Le thème du « peuple déicide » a constitué pendant des siècles le principal argument de l'antisémitisme chrétien. Pour Jules Isaac, artisan avant Vatican II de l'amélioration des relations judéo-chrétiennes, il fait partie des « mythes tendancieux » du christianisme : « Le mythe de Jésus méconnu [...] et finalement crucifié par le peuple juif réfractaire et aveugle, d'où s'ensuit le terrifiant mythe — à lui seul plus meurtrier que tous les autres — du crime de « déicide »[5] ».

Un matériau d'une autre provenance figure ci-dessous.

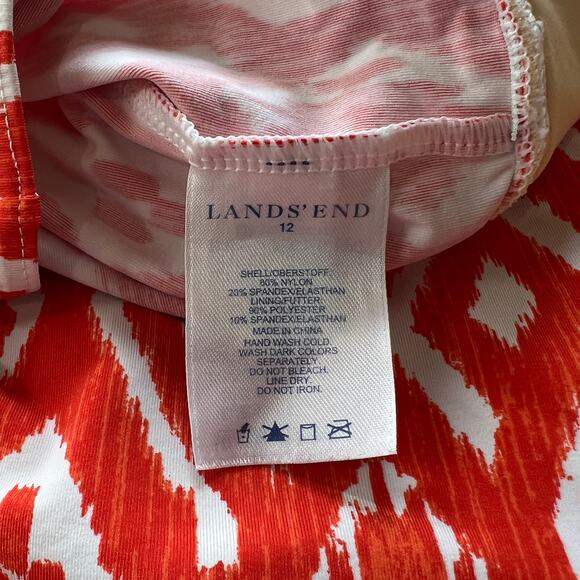Land’s End Soft Cup Halter Tankini Orange White Diamond Print 12 - Picture 4 of 4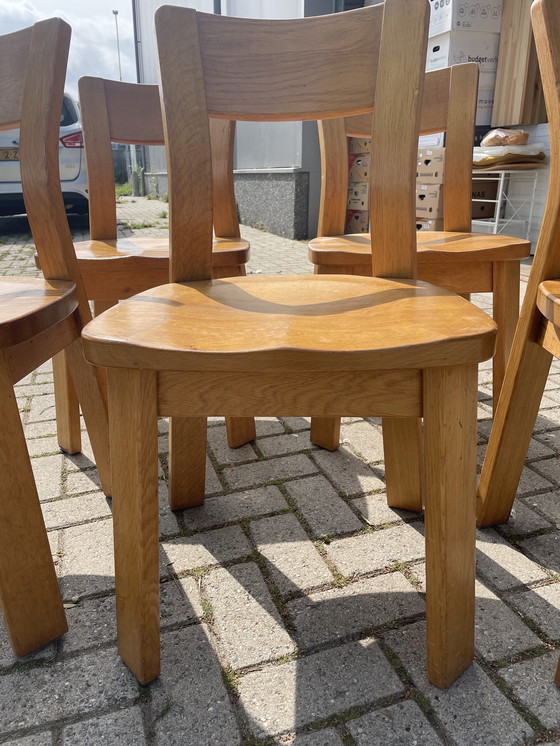 Image 1 of Satz 5x dänische Stühle im brutalistischen Stil der 70er Jahre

Divers exemples tirés du Nouveau Testament sont utilisés pour justifier cette thèse : par exemple l'Épître aux Romains (9-10)[6], ainsi que la Première épître aux Thessaloniciens (1Th 2:14-16)[7] : « Ce sont ces Juifs qui ont fait mourir le Seigneur Jésus et les prophètes, qui nous ont persécutés, qui ne plaisent point à Dieu, et qui sont ennemis de tous les hommes ». Dans les Actes des Apôtres (Ac 5:28)[8] on lit : « Ne vous avons-nous pas défendu expressément d'enseigner en ce nom-là ? Et voici, vous avez rempli Jérusalem de votre enseignement, et vous voulez faire retomber sur nous le sang de cet homme ! »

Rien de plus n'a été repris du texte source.